See the problem? ( AlpineJs is very popular with Django by the way ). I opened an Issue in upstream

You should inspect the Accept-Encoding header to determine what compression algorithm the client supports, and use the best one available.

Yep i am doing that in here but the approach is kinda flawed. But i wanted to give the developer absolute control over their choice. @adamchainz thanks for giving me another way to approach it.

I briefly looked at your package's source code, and you're using a lot of regexes.

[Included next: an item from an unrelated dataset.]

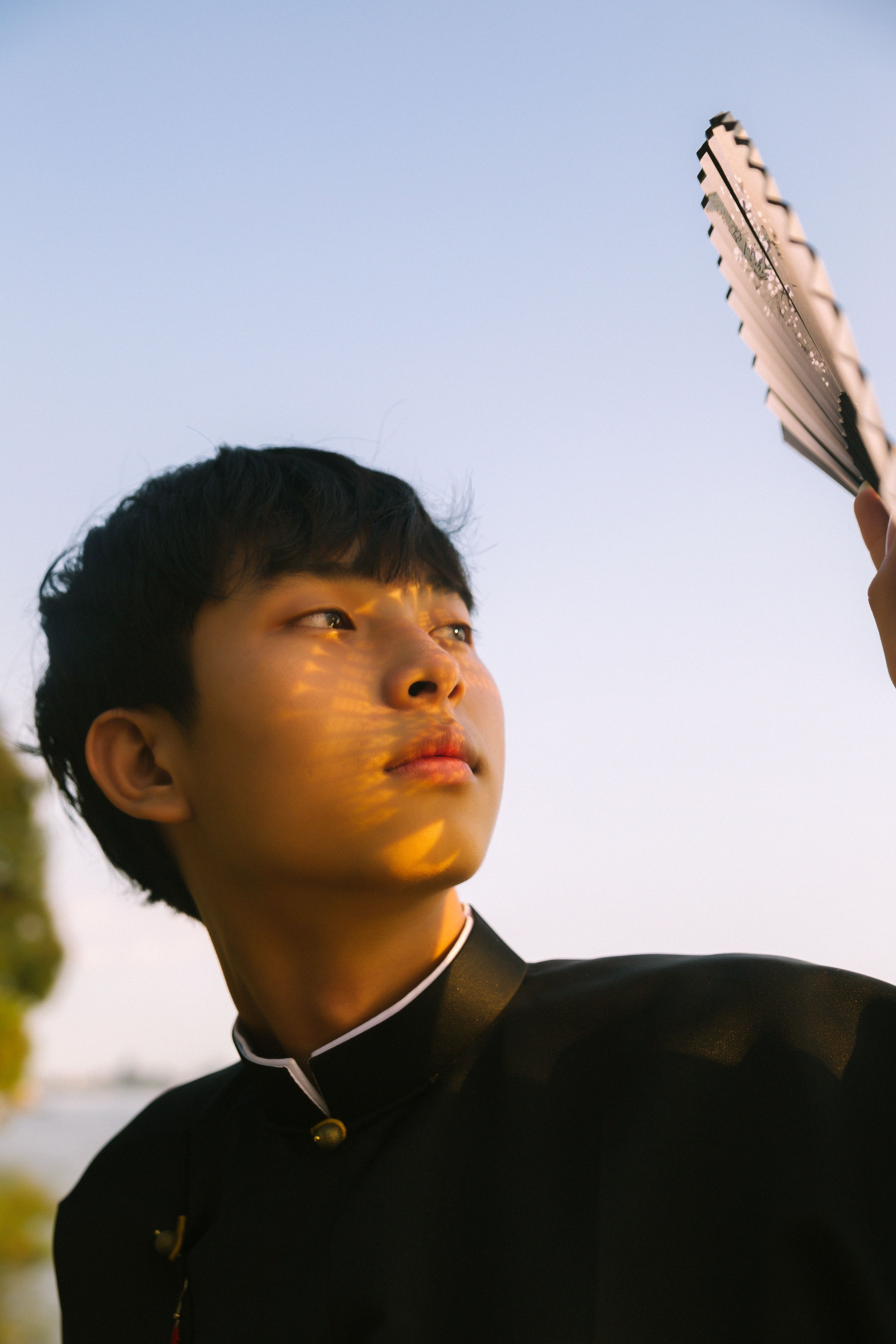 Portrait of a young man holding a hand fan outdoors during sunset with warm lighting.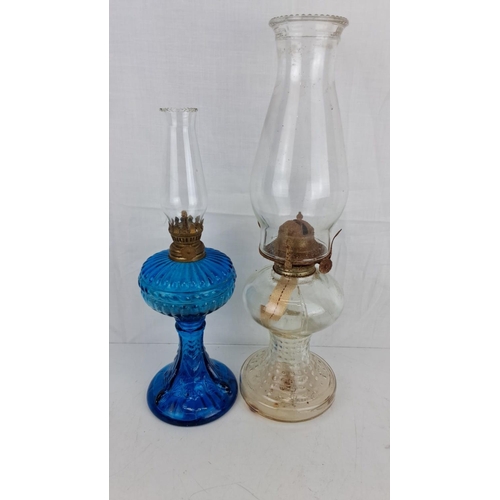 5 - Two antique glass oil lamps. One blue and one clear glass base with intricate detailing. Comes compl...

Thats the only way I can think of that captures the special attributes. Feel free to correct me here.

I also think the compression middleware is best separate from the HTML minification middleware.

Okay ? I actually used this with GZIP middleware at first and thats why i wrote it like that. But i feel like ( feel free to ignore this ) we will fall into middleware hell someday if we continue this path.

The need for a real parser is why I'm excited to use minify-html (and only minify-html). It uses a very fast HTML parser.

python_strip_whitespace = minify-html + this

To parse HTML, you need to use a real HTML parser like Python's html.parser (which is even not that good, since it doesn't handle many quirks or parts of the actual HTML spec). Here's a post that I wrote on using it for my blog.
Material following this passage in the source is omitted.